Numerical evidence for the spin-Peierls state in the frustrated quantum antiferromagnet

TL;DR

This study provides numerical evidence that the frustrated $J_1$-$J_3$ quantum antiferromagnet on a square lattice exhibits a spin-Peierls (dimerized) ground state in an intermediate frustration regime, characterized by long-range dimer order.

Contribution

The paper identifies a spin-Peierls (dimerized) ground state in the $J_1$-$J_3$ model through numerical diagonalization, highlighting a novel phase in frustrated quantum antiferromagnets.

Findings

Incommensurate spin order is enhanced at larger $J_3/J_1$.

Short-range incommensurate order appears at intermediate $J_3/J_1$.
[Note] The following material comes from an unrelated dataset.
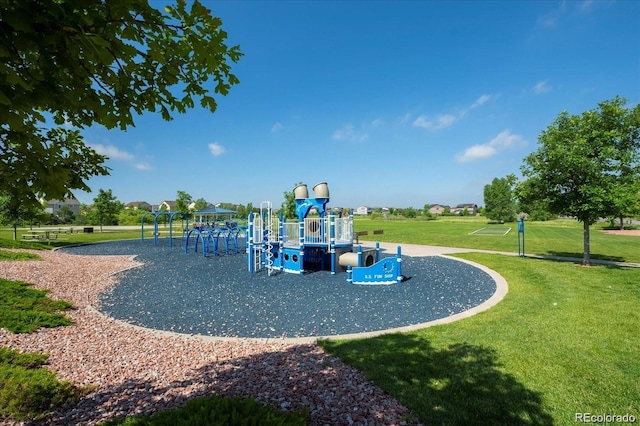 26267 E 3rd Ave, Aurora, CO 80018 - communal playground featuring a yard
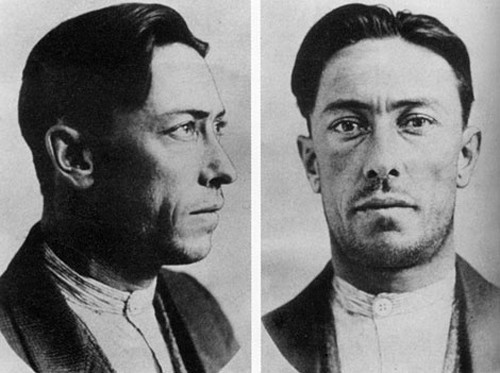 Một số đối tượng tình nghi được cảnh sát triệu tập để lấy lời khai. Trong số này có Colin Campbell Ross.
Evidence of long-range columnar dimer order in the intermediate regime.

Abstract

We study the spin-$1\over2$ Heisenberg antiferromagnet with an antiferromagnetic $J_3$ (third nearest neighbor) interaction on a square lattice. We numerically diagonalize this ``$J_1$-$J_3$'' model on clusters up to 32-sites and search for novel ground state properties as the frustration parameter $J_3/J_1$ changes. For ``larger'' $J_3/J_1$ we find enhancement of incommensurate spin order, in agreement with spin-wave, large-$N$ expansions, and other predictions. But for intermediate $J_3/J_1$, the low lying excitation energy spectrum suggests that this incommensurate order is short-range. In the same region, the first excited state has the symmetries of the columnar dimer (spin-Peierls) state. The columnar dimer order parameter suggests the presence of long-range columnar dimer order. Hence, this spin-Peierls state is the best candidate for the ground state of the $J_1$-$J_3$ model in an intermediate $J_3/J_1$ region.